____ Supplied data
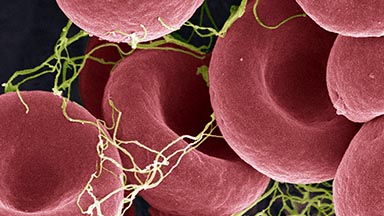Bone Marrow Transplant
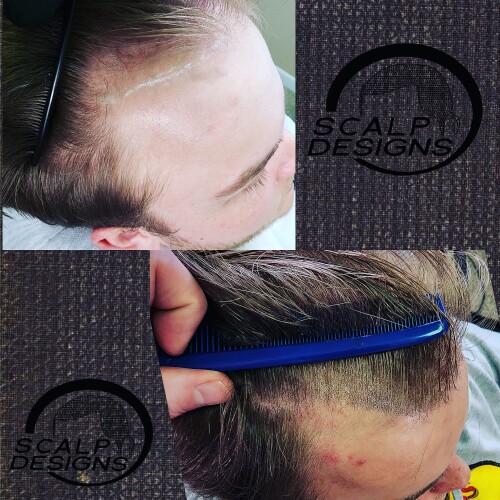The exposure of the scalp may not be as noticeable in Scalp Micropigmentation For Long Hair people as it is in shorter hair or in people with shaved heads. Even so, some people may continue to have spotty or thinning regions, which are more obvious when hair is pushed back or styled a certain way. SMP can be used to make the hair appear fuller and thicker by reducing the contrast between the scalp and hair. For long-haired ladies experiencing diffuse thinning or isolated patches of hair loss, this can be especially helpful.

https://scalpdesigns.com/smp-for-long-hair/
________
◆ Task directions
Restate word for word the lines beginning with the one that contains "The exposure of" and ending with the last line of the listing; pictures stay out.

◆ Expected output
The exposure of the scalp may not be as noticeable in Scalp Micropigmentation For Long Hair people as it is in shorter hair or in people with shaved heads. Even so, some people may continue to have spotty or thinning regions, which are more obvious when hair is pushed back or styled a certain way. SMP can be used to make the hair appear fuller and thicker by reducing the contrast between the scalp and hair. For long-haired ladies experiencing diffuse thinning or isolated patches of hair loss, this can be especially helpful.

https://scalpdesigns.com/smp-for-long-hair/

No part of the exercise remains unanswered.